• **Exercise directions**
Repeat every entry word for word, but leave the images out of your copy.
Records shown Block Start
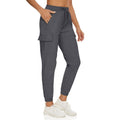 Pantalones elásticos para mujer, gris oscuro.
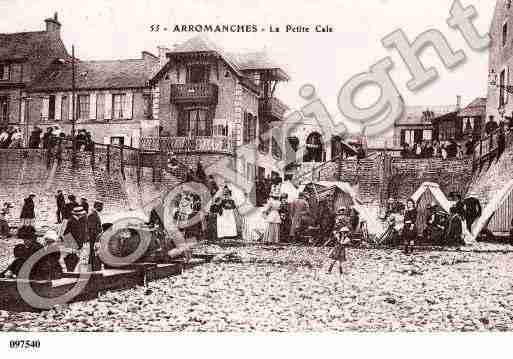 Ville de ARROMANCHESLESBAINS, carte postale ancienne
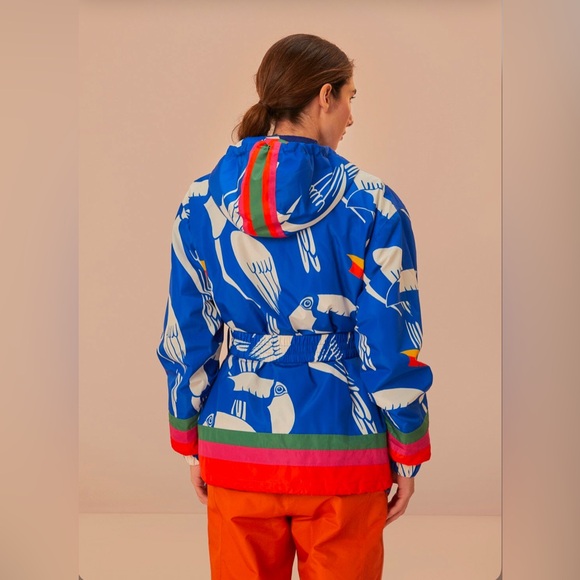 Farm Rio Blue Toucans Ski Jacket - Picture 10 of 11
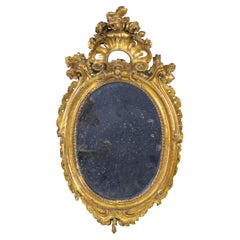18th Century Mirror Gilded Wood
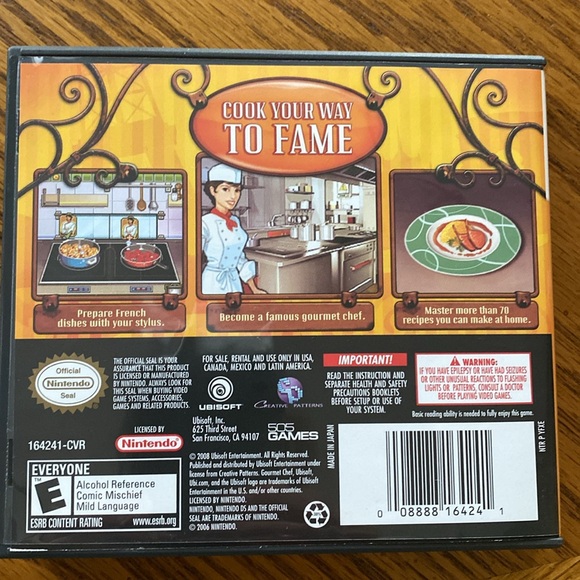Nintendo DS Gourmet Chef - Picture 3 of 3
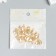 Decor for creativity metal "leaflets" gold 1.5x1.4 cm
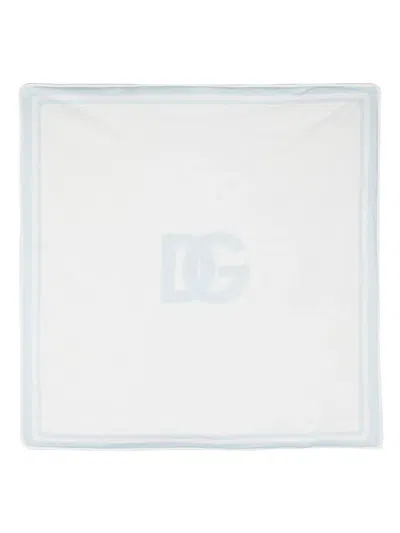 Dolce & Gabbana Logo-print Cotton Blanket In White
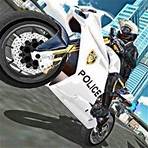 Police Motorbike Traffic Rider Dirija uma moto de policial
Records shown Block End
• **Finished exercise**
 Pantalones elásticos para mujer, gris oscuro.
 Ville de ARROMANCHESLESBAINS, carte postale ancienne
 Farm Rio Blue Toucans Ski Jacket - Picture 10 of 11
18th Century Mirror Gilded Wood
Nintendo DS Gourmet Chef - Picture 3 of 3
 Decor for creativity metal "leaflets" gold 1.5x1.4 cm
 Dolce & Gabbana Logo-print Cotton Blanket In White
 Police Motorbike Traffic Rider Dirija uma moto de policial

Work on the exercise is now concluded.